Khrushchev’s difficulties in restraining Chinese Communist actions are likely to be proportionate to the degree of public knowledge that he is attempting to do so. This is so because of his ally’s very Chinese sensitivity in matters involving individual and national face. “Face” is a matter of public stance before an audience rather than a question of inner self-esteem. The more public attention is focused on a trial of respective wills, the more “face” is lost by the loser. Moreover, as Mr. Kohler has suggested in his memorandum to you, if Khrushchev cannot persuade the Chinese Communists in private, he must side with them in public: Soviet prestige and the screening from view of fissures in the alliance both would require his doing so. So while public reference to Soviet responsibility for any particular Chinese Communist actions will not rule out successful Soviet influence, it probably will reduce its chances.

2.
Sino-Soviet friction can be a useful result of successful efforts to get the USSR to try to serve as a brake on the Chinese Communists. However, the friction is in the nature of a by-product. If we seek it as a primary result, the USSR is virtually certain to recognize our aim, conclude we are [Page 631] not seriously negotiating with it, and prove unwilling to repeat its efforts. We would thus have damaged or destroyed its usefulness to us as a means of bringing pressure to bear on the Chinese.
3.

It should also be kept in mind that the US, too, is vulnerable to charges of partial responsibility for the actions of another state.2 In view of our self-admitted role of leadership and the lack of responsiveness to our wishes of some governments dependent on us, the propaganda weapon is a two-edged one. This does not argue it should never be used, but rather that the results will not necessarily represent gain and could be counter-productive.

Conclusion: Although the USSR can be said to have partial responsibility for some Chinese Communist actions, and it may on occasion be useful to point to that fact, we should do so with a frequency which is in inverse proportion to the importance we attach to probable usefulness of the USSR as a brake on the Chinese Communists.
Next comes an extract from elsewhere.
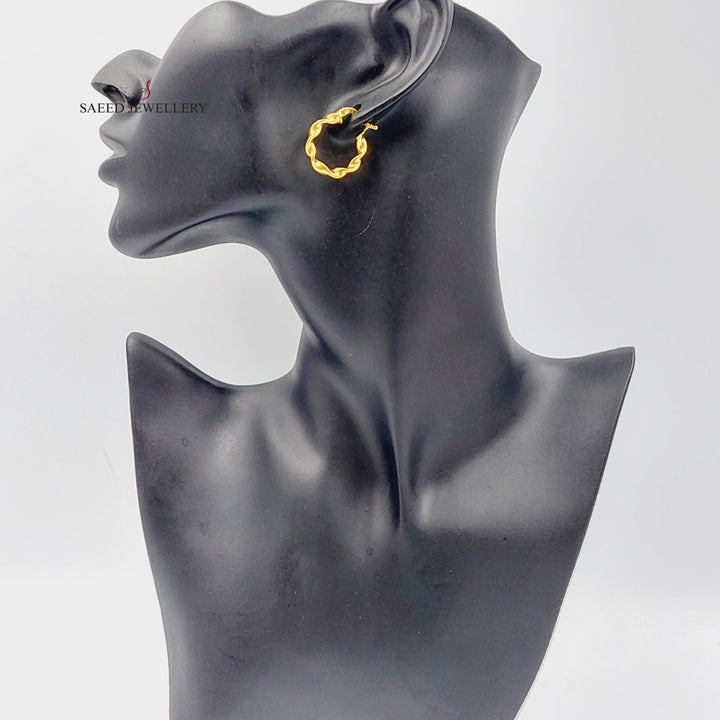 21K Gold Luxury Hoop Earrings by Saeed Jewelry - Image 4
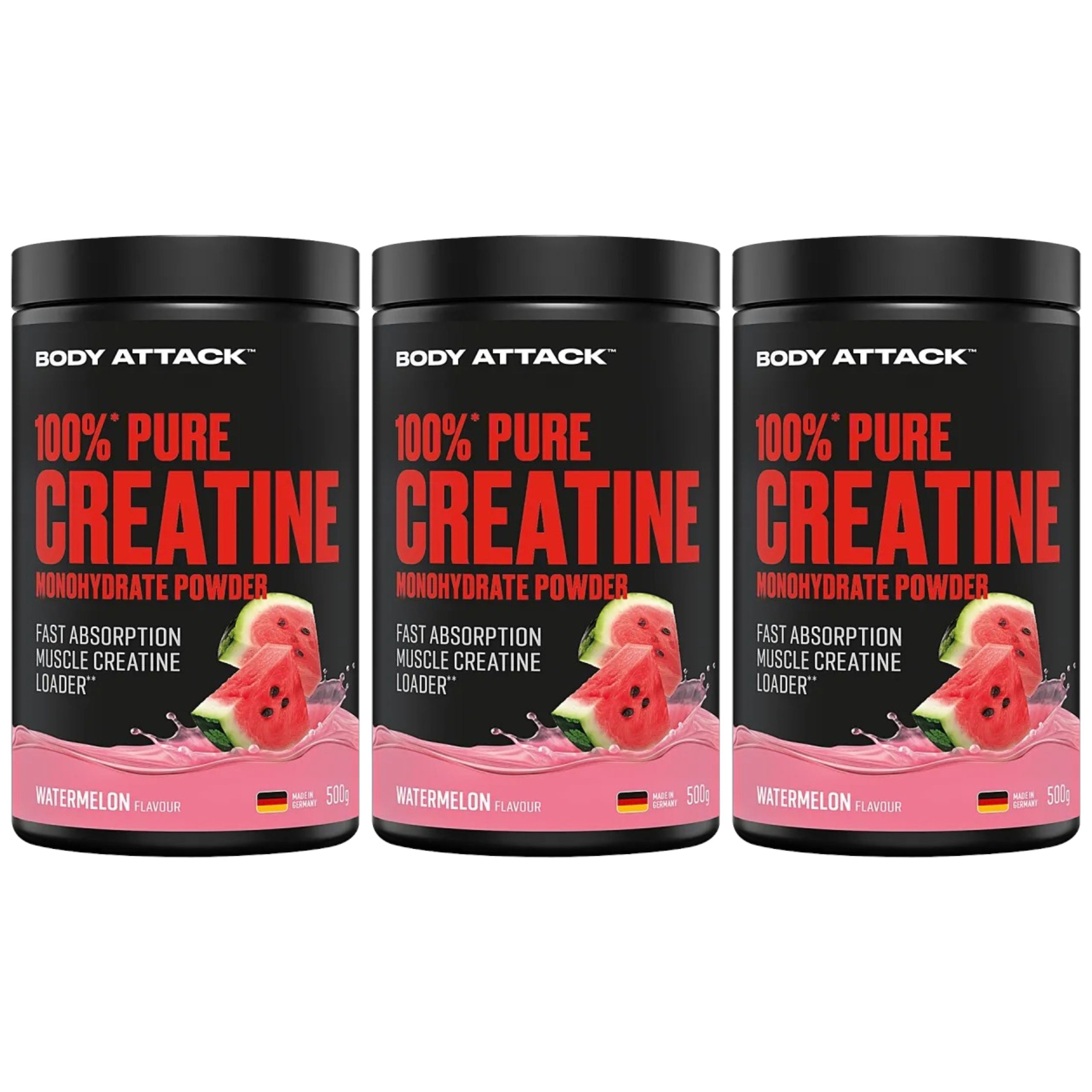 BODY ATTACK - 100% Pure Creatine - 3x 500g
Such usefulness appears most obvious in a period such as the present, when the USSR seems intent on reducing tensions and avoiding war. It might still continue, in a period of reversion to earlier Soviet attitudes and tactics, at least with respect to narrower aims in which Soviet interests happened to parallel our own.

  1. Source: Department of State, FE Files: Lot 61 D 6, Partial Responsibility Doctrine. Confidential. Drafted by Edward E. Rice and George A. Morgan of the Policy Planning Staff. Sent through Merchant. The source text is an unsigned copy sent to Parsons.
  2. Documents 308 and 312.
  3. A handwritten note on the source text, keyed to an asterisk in the margin beside this sentence, reads:

    “It has been used against us with effect: e.g., Suez & Indonesia. By making us assume partial responsibility for the colonial policies of our allies, the Communist bloc has succeeded in getting us to exercise a moderating influence on our allies.”